This Warrant is issued pursuant to that certain Securities Purchase Agreement, dated as of ________ __, 2005, by and between the Company and the Holder (the “Purchase Agreement”). As provided in the Purchase Agreement, the Company has covenanted and agreed to use its best efforts to effect an Authorized Capital Increase (as such term is defined in the Purchase Agreement) and to give the Holder hereof notice of the same.

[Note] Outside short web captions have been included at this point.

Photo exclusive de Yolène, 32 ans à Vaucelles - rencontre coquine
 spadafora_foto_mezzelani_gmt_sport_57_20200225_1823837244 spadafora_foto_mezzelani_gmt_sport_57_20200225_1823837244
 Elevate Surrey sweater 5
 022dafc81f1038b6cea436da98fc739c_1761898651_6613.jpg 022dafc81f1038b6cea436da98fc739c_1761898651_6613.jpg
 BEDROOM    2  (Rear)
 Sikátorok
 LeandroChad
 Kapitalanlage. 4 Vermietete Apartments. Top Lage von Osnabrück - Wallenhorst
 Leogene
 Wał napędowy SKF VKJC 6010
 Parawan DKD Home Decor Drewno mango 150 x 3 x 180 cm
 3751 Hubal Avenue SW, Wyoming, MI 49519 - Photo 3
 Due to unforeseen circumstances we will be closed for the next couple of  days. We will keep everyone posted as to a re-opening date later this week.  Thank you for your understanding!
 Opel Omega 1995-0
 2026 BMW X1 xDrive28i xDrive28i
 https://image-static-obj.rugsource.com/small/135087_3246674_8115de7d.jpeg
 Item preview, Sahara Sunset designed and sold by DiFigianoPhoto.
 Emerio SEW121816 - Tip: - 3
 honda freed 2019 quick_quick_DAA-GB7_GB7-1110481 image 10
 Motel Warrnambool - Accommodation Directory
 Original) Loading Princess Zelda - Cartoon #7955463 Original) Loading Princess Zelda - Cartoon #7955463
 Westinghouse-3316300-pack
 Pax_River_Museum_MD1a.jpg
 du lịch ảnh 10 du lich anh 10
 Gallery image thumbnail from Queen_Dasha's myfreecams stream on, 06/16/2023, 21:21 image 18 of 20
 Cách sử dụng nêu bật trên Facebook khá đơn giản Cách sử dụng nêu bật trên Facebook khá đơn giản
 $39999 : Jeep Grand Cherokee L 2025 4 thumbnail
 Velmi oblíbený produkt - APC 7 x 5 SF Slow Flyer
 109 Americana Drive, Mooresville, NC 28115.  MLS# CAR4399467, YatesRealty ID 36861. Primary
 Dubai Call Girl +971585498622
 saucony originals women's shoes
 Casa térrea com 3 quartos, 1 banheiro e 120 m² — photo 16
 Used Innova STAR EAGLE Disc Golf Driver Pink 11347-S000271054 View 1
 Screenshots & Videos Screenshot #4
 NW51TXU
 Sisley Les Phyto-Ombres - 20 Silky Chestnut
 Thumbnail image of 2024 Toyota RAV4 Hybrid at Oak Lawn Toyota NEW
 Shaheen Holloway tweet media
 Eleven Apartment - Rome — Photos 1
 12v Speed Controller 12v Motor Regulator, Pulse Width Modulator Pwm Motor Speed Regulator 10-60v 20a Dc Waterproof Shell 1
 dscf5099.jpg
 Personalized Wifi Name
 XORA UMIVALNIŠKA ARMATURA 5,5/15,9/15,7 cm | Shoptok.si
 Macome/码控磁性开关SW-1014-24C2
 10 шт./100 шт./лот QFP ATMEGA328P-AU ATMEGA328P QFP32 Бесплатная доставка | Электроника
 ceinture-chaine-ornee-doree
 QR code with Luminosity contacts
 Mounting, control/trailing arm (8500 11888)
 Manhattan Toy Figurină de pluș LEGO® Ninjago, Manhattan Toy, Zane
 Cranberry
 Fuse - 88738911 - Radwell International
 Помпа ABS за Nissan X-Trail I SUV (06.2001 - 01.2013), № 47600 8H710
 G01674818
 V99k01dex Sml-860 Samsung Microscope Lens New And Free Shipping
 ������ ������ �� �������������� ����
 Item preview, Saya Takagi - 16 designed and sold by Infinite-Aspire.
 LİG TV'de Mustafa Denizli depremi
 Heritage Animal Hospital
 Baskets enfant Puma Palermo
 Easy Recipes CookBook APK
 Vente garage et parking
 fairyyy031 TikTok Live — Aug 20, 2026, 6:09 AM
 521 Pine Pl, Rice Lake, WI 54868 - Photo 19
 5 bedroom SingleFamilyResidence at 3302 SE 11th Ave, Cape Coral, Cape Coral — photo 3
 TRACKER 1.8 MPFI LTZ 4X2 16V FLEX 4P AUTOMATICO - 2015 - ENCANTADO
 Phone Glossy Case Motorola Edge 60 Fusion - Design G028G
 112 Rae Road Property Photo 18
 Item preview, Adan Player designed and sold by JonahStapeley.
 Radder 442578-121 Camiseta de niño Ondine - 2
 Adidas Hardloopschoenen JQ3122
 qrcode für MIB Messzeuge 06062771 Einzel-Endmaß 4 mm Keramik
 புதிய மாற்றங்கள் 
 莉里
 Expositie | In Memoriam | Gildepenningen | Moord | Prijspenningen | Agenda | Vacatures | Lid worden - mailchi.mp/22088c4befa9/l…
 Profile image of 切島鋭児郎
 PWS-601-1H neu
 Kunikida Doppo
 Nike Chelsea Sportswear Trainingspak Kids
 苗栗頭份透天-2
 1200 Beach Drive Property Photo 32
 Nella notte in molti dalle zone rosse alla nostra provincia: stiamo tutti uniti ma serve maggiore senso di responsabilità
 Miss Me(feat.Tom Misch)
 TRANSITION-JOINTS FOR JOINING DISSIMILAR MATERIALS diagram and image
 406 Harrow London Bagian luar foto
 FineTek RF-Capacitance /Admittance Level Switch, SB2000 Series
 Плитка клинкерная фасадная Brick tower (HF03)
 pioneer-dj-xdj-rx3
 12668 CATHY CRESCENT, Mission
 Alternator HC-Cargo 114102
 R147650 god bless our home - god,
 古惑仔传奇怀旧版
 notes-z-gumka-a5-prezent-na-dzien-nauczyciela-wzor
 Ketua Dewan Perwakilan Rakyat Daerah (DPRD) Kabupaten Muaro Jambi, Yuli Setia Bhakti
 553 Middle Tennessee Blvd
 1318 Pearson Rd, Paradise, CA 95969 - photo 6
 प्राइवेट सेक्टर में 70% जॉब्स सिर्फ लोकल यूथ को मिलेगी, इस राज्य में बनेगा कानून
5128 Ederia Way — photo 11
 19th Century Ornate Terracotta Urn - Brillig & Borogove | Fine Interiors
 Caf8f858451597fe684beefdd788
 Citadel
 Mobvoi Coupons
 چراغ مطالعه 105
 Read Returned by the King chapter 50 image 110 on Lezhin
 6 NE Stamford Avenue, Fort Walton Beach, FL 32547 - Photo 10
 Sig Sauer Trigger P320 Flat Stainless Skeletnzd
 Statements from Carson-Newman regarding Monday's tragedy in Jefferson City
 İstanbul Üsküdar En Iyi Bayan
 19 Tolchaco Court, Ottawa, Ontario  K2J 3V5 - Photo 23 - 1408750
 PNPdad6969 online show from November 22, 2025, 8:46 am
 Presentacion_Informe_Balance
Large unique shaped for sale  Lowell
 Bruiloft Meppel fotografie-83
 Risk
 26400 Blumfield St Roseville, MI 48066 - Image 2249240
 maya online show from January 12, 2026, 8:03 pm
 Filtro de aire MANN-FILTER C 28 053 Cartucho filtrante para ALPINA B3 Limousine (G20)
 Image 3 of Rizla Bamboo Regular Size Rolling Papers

As used in this Warrant, (i) the “Initial Exercise Date” shall mean the date as of which the Authorized Capital Increase is actually effected and (ii) the “Expiration Date” shall mean May __, 2010; provided, however, that if the Authorized Capital Increase is not effected by June 1, 2005, then the term “Expiration Date” shall mean the date which is the fifth anniversary of the date the Authorized Capital Increase is effected.
 
1. Title to Warrant
 
Prior to the end of the Exercise Period and subject to compliance with applicable laws and Section 7 hereof, this Warrant and all rights hereunder are transferable, in whole or in part, at the office or agency of the Company by the Holder in person or by duly authorized attorney, upon surrender of this Warrant together with the Assignment Form annexed hereto properly endorsed.
 

 
2. Authorization of Shares
 
The Company covenants that all Warrant Shares which may be issued upon the exercise of the purchase rights represented by this Warrant will, upon exercise of the purchase rights represented by this Warrant, be duly authorized, validly issued, fully paid and nonassessable and free from all taxes, liens and charges in respect of the issue thereof (other than taxes in respect of any transfer occurring contemporaneously with such issue).
 
3. Exercise of Warrant, Cash Payment
 
(a) Except as provided in Section 4 herein, exercise of the purchase rights represented by this Warrant may be made at any time or times during the Exercise Period by the surrender of this Warrant and the Notice of Exercise Form annexed hereto duly executed, at the office of the Company (or such other office or agency of the Company as it may designate by notice in writing to the registered Holder at the address of such Holder appearing on the books of the Company) and upon payment of the Exercise Price of the shares thereby purchased by wire transfer or cashier’s check drawn on a United States bank, the Holder shall be entitled to receive a certificate for the number of Warrant Shares so purchased. Certificates for shares purchased hereunder shall be delivered to the Holder within three (3) trading days after the date on which this Warrant shall have been exercised as aforesaid. This Warrant shall be deemed to have been exercised and such certificate or certificates shall be deemed to have been issued, and Holder or any other person so designated to be named therein shall be deemed to have become a holder of record of such shares for all purposes, as of the date the Warrant has been exercised by surrender of the Warrant and payment to the Company of the Exercise Price and all taxes required to be paid by the Holder, if any, pursuant to Section 5 prior to the issuance of such shares, have been paid.
 
(b) If this Warrant shall have been exercised in part, the Company shall, at the time of delivery of the certificate or certificates representing Warrant Shares, deliver to Holder a new Warrant evidencing the rights of Holder to purchase the unpurchased Warrant Shares called for by this Warrant, which new Warrant shall in all other respects be identical with this Warrant.
 
4. No Fractional Shares or Scrip
 
No fractional shares or scrip representing fractional shares shall be issued upon the exercise of this Warrant. As to any fraction of a share, which Holder would otherwise be entitled to purchase upon such exercise, the Company shall pay a cash adjustment in respect of such final fraction in an amount equal to such fraction multiplied by the Exercise Price.
 
5. Charges, Taxes and Expenses
 
Issuance of certificates for Warrant Shares shall be made without charge to the Holder for any issue or transfer tax or other incidental expense in respect of the issuance of such certificate, all of which taxes and expenses shall be paid by the Company, and such certificates shall be issued in the name of the Holder or in such name or names as may be directed by the Holder; provided, however, that in the event certificates for Warrant Shares are to be issued in a name other than the name of the Holder, this Warrant when surrendered for exercise shall be accompanied by the Assignment Form attached hereto duly executed by the Holder; and the Company may require, as a condition thereto, the payment of a sum sufficient to reimburse it for any transfer tax incidental thereto.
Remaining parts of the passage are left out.